It was in the Russian Tea Room that Toby and I first noted a curious fashion among Satirevians. About a quarter of them wore sweatshirts emblazoned with a Valentine-style heart poised above the initials H.E.A.R.T. “HEART, what’s that?” my son asked Martina one evening as we were plowing through a particularly outrageous ice-cream treat—a concoction Norbert had dubbed “A Month of Sundaes.”

“It’s a kind of club—the members get together and talk about philosophy,” Martina replied. “You know what philosophy is, Toby?”

“No.”

“The
H
stands for Happiness, the
E
for Equals.”

“And the
A
,
R,
and
T
?”
asked Toby.

“Art, Reason, and Truth.”

H.E.A.R.T. It was, Martina explained after Toby went to bed, an organization the year-rounders had formed for the sake of, as she put it, “thinking good thoughts about your son and thereby hastening his cure.” HEART, the Healing and Ecstasy Association for the Recovery of Toby. They met every Tuesday evening. They were planning to start a newsletter.

I had never been so profoundly moved, so totally touched, in my life. My soul sang, my throat got hard as a crab apple. “Martina, that’s
terrific.
Why didn’t you tell me about HEART?”

“Because it gives me the creeps, that’s why.”

“The creeps?”

“Your son is sick, Jack.
Sick.
He’s going to need more than HEART. He’s going to need…well, a miracle.”

“HEART
is
a miracle, Martina. Don’t you get it? It
is
a miracle.”

* * * *

There is nothing quite so exhilarating as spending large amounts of time with your child, and nothing quite so tedious. I’ll be honest: when Martina offered to relieve me of Toby for an hour or two—she wanted to help him find specimens for his miniature zoo—I told her to take all day. Even Sleeping Beauty’s father, I’m sure, grew bored with her on occasion.
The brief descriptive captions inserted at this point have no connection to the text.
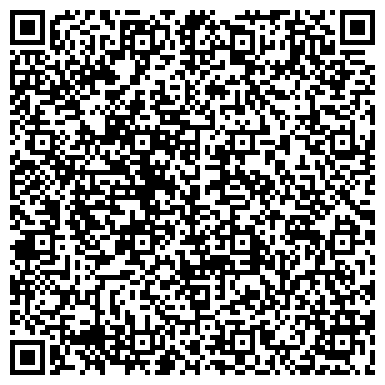 QR-код с контактной информацией организации Агентства недвижимости "АН - ФОНД"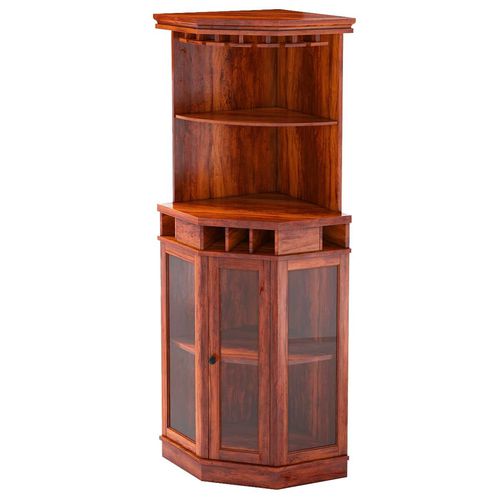 商用酒柜 - PACAR - Furniture BoutiQ - 传统风格 / 木质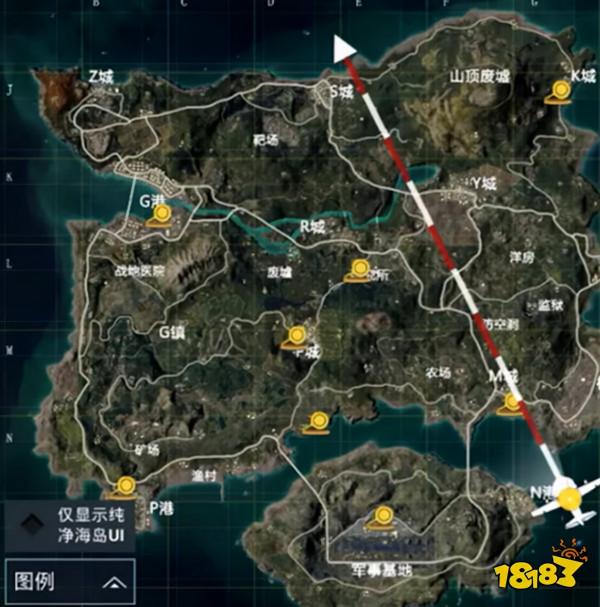 和平精英2022年元旦活動前瞻 2022年元旦玩法一覽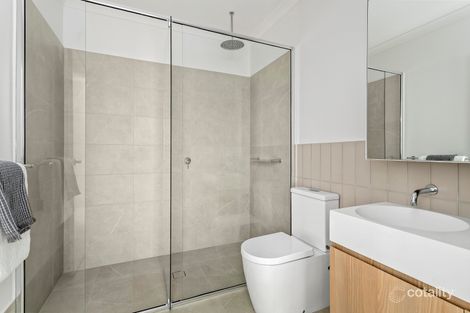 Property photo of 6 Holzer Crescent Braybrook VIC 3019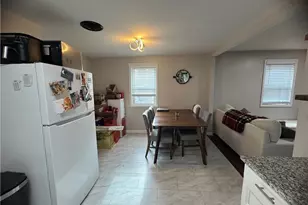 1445 W 52nd St, Loveland, OH 44102 - Photo 7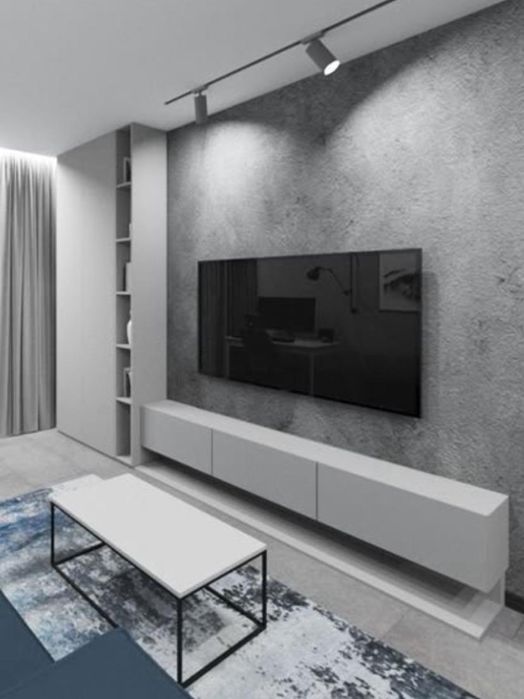 ТВ-зона На заказ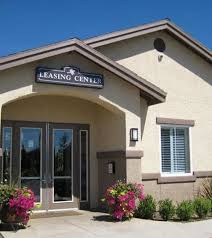 Image result for Long Eaton Sac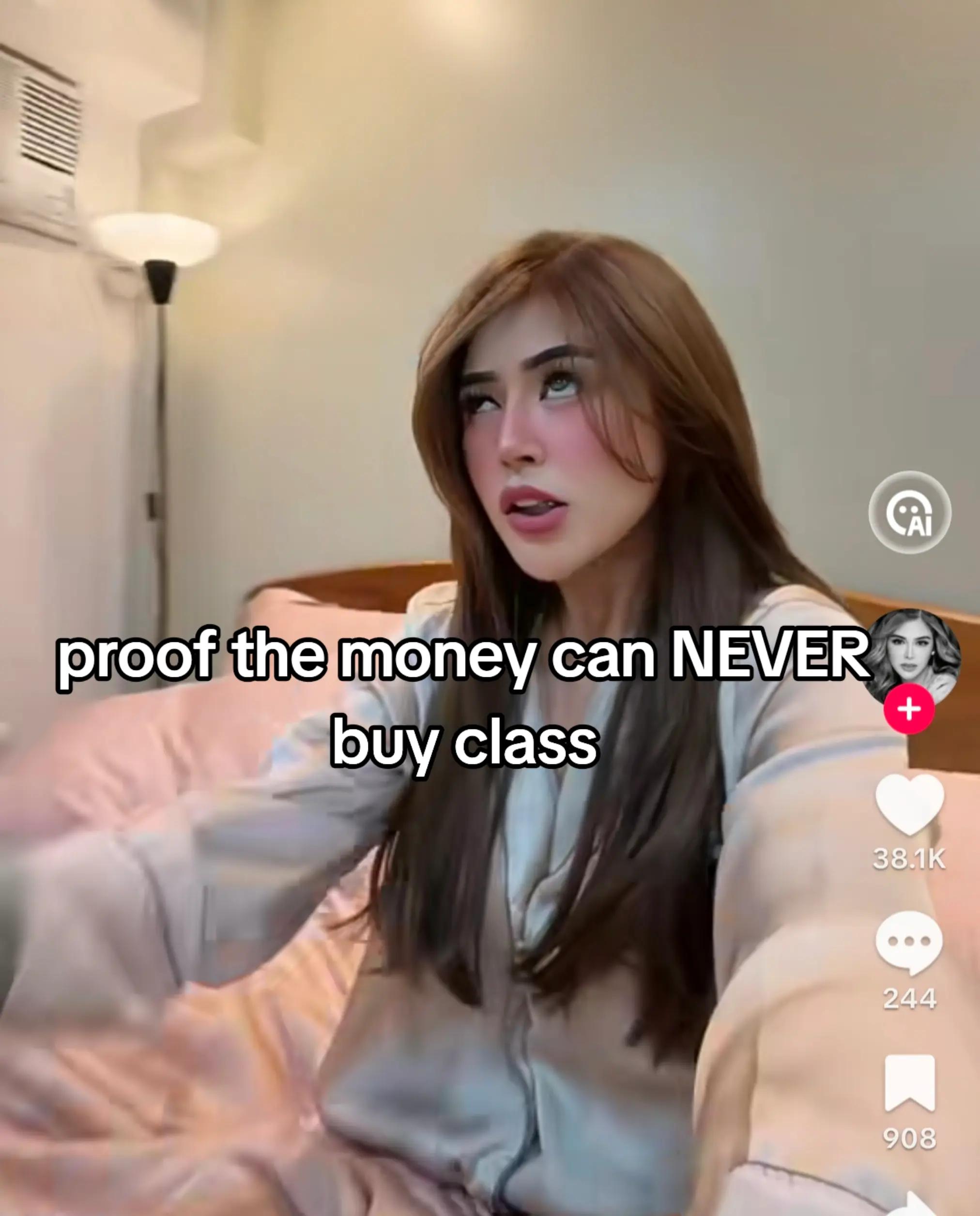 @anon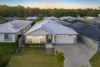 11 Dalma Street, Ormeau Hills QLD 4208-Image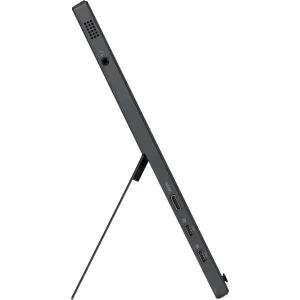 Монітор портативний Asus ZenScreen MB16AMTR (90LM04S0-B02170) UA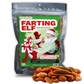 Farting Elf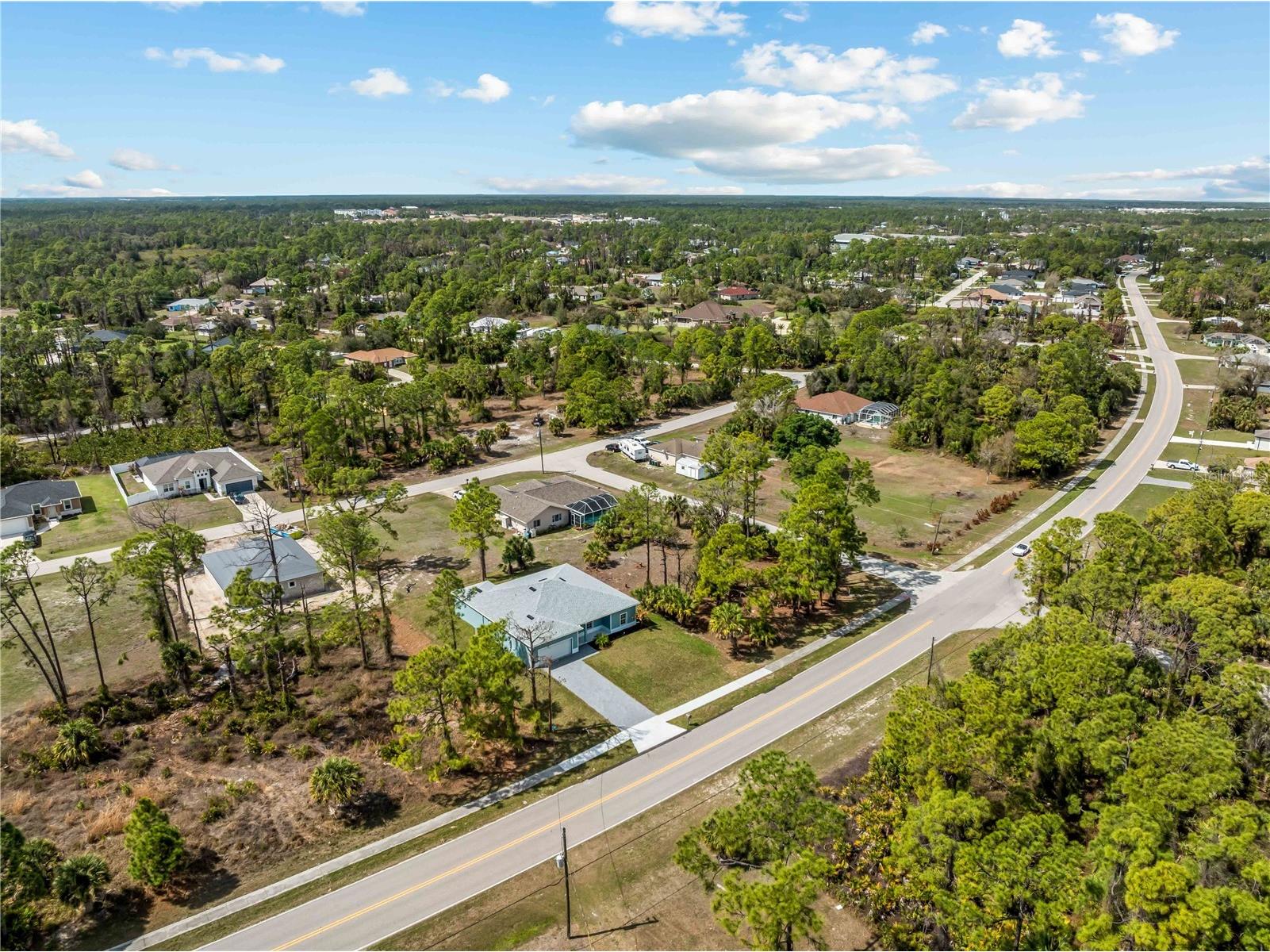 2373 Jeannin Drive North Port FL 34288 C7517523 image60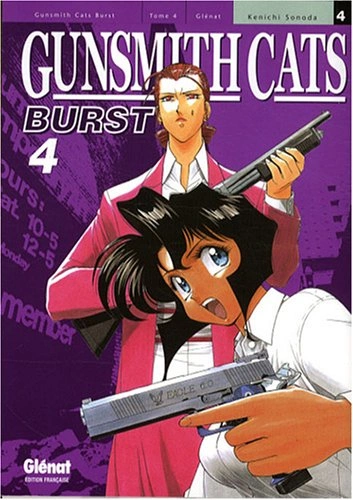 Tome 4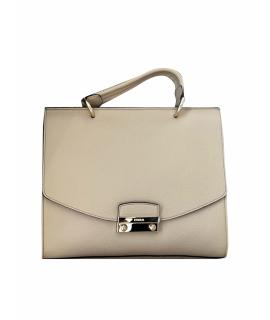 FURLA Сумка с короткими ручками
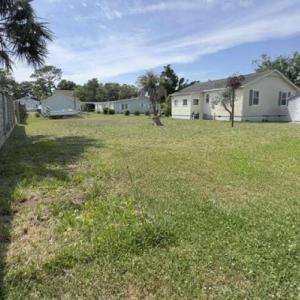 Photo #12 of 413 Spartanburg, Carolina Beach, NC 0.6 acres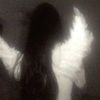 x_loooo_li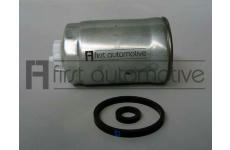 Palivový filtr 1A FIRST AUTOMOTIVE D20159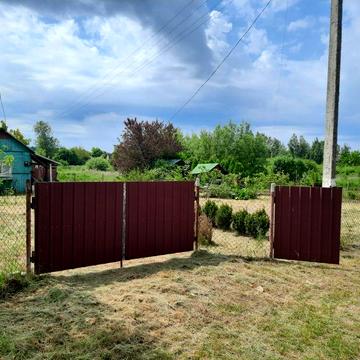 (Веснянка)Дачний будинок, 20 сотих, ставок, світло, скважина, приватиз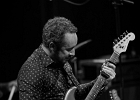 IMG 7668  Stagger Lee : Arnaud Fradin (chant, guitare), Thomas Troussier (harmonica), Fabrice Bessouat (batterie),  Miguel Hamoum (basse), Max Genouel (guitare) : 2017, ARNAUD FRADIN, BLUES, CONCERT, FABRICE BESSOUAT, MIGUEL HAMOUM, STAGGER LEE, THOMAS TROUSSIER, TREMBLAY EN FRANCE
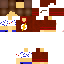 Texture for sdas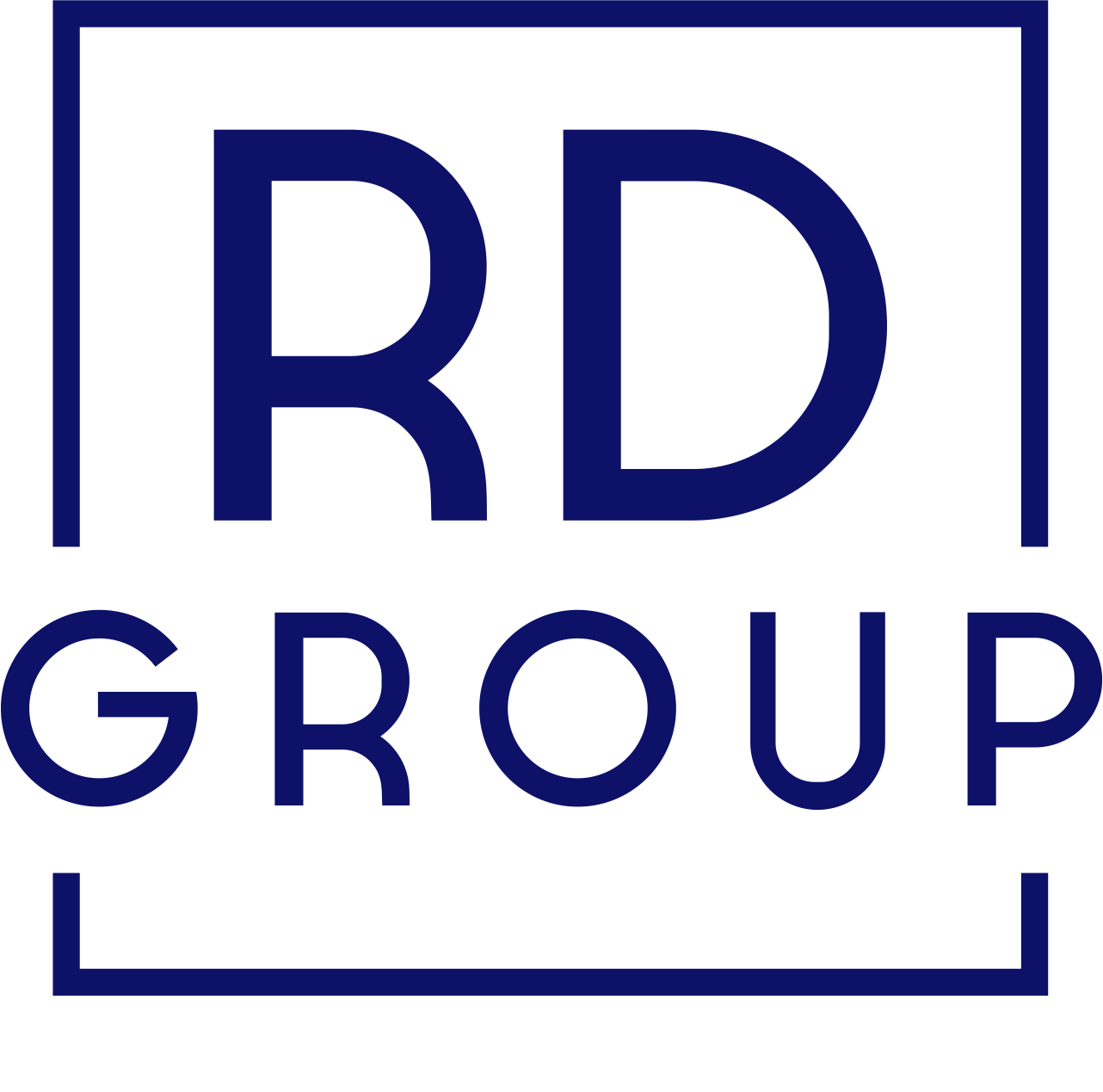 RD GROUP Ваш ключевой подрядчик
It was an hour past his bedtime when Toby returned to the Paradise, laden with the day’s haul—a dozen bottles and cages filled with rubbery newts, glutinous salamanders, spiky centipedes, and disgruntled tree frogs whose cries sounded like bicycle bells.

He could not enjoy them.

“Dad, I don’t feel so good,” he said, setting the various terrariums on the coffee table.

“Oh?” So here it comes, I thought. Now it begins. “What do you mean?”

“My head hurts.” Toby clutched his belly. “And my stomach. Is it those germs, Dad?”

“Just remember, in the long run they can’t hurt you.”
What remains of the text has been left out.